94. La fureur t’a portée à un meurtre contre nature ; c’est mal de trahir celui qui se confiait à toi. Je suis allé demander la main de Gudrun.

95. Tu étais restée veuve ; on disait que tu avais un esprit supérieur, et nous l’avons éprouvé dans l’occasion. Tu nous as accompagnés ici ; nous étions suivis d’une armée ; tout se passa d’une manière royale dans notre voyage.

96. Beaucoup de choses honorables en relevèrent l’éclat. Des bœufs furent tués, nous en mangeâmes avec abondance ; il y avait profusion de vivres, et bien des gens en eurent leur part.

97. Le lendemain de notre noce, je donnais beaucoup de joyaux à ma noble femme ; des esclaves, au nombre de trois fois dix, et sept bonnes suivantes, des guerriers et encore plus d’argent.

98. Tu reçus le tout avec indifférence. Le pays dont j’ai hérité de Budle était tranquille ; cependant tu le minas si bien, que je n’en retirai rien.

99. Tu as souvent fait répandre à ta belle-sœur des larmes abondantes, et depuis lors le cœur de ces époux n’a point été joyeux.

gudrun.

100. Tu manques maintenant à la vérité, Atle ; peu importe cependant. À compter de cette époque, j’ai rarement été douce ; toi aussi tu étais inquiet. Vous vous êtes battus entre frères, la discorde a été au milieu de vous. La moitié de ta maison est allée vers Hel, et tout ce qui devait causer votre bonheur a croulé.
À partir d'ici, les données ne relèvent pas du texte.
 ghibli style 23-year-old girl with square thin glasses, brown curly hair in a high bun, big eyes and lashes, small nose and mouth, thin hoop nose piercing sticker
101. Nous étions trois, et nous ne paraissions pas craindre le danger. Nous quittâmes notre pays pour suivre Sigurd, en nous abandonnant au vent ; chacun de nous gouvernait à son tour le navire pour chercher la fortune, et nous arrivâmes enfin dans l’Orient.

102. Nous tuâmes le premier roi du pays et prîmes possession de son royaume ; les Herses nous vinrent en aide, ce qui leur apprit à nous craindre. Ceux qui étaient poursuivis sans cause furent sauvés du bûcher par nous, et nous fîmes la fortune de ceux qui ne possédaient rien.
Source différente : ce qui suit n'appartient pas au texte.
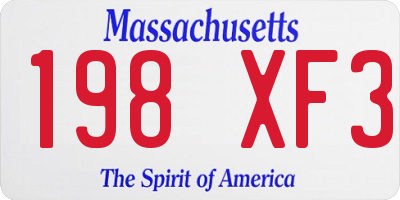 MA license plate 198XF3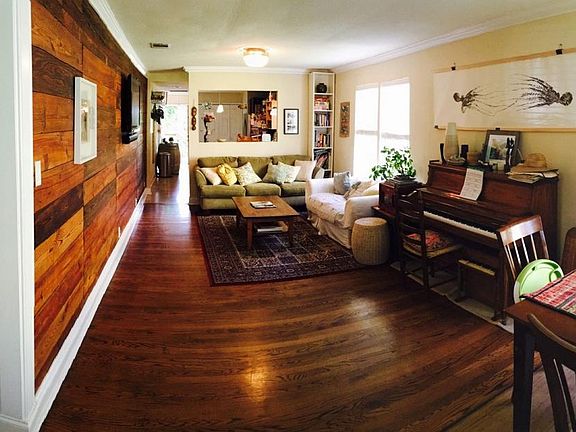 living room with shiplap wall (newly done)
103. Le héros Hun mourut, et avec lui succomba mon bonheur. La jeune femme éprouva alors un rude chagrin ; elle eut le lot d’une veuve. Je regardais comme un tourment ma vie et ma venue dans la maison d’Atle. Autrefois j’appartenais à un héros ; sa perte me fut amère.

104. Quand tu venais d’une assemblée, nous demandions si tu avais vengé une injustice ou opprimé les autres ; tu voulais toujours céder, ne jamais tenir pied, et garder le silence à ce sujet. — — —

105. « Tu manques maintenant à la vérité, Gudrun ! mais notre sort ne pouvait être meilleur. Nous avons tout assassiné. À présent, Gudrun, veille à ce qu’il me soit rendu des honneurs quand on m’emportera d’ici.

gudrun.

106. J’achèterai un navire, puis un cercueil en pierre, et une toile bien cirée pour envelopper ton cadavre. Je veillerai aux moindres détails comme si j’étais bienveillante pour toi. »

107. Atle devint cadavre, le chagrin de ses parents fut grand. Gudrun accomplit tout ce qu’elle avait promis. La savante fille de Gjuke voulait perdre la vie ; elle différa quelques jours, et mourut une autre fois.

108. Heureux ceux qui engendrent pour la gloire une fille comme Gudrun ; ils se survivront à eux-mêmes dans tous les pays, et leur saga, souvent répétée, trouvera toujours les hommes disposés à l’écouter.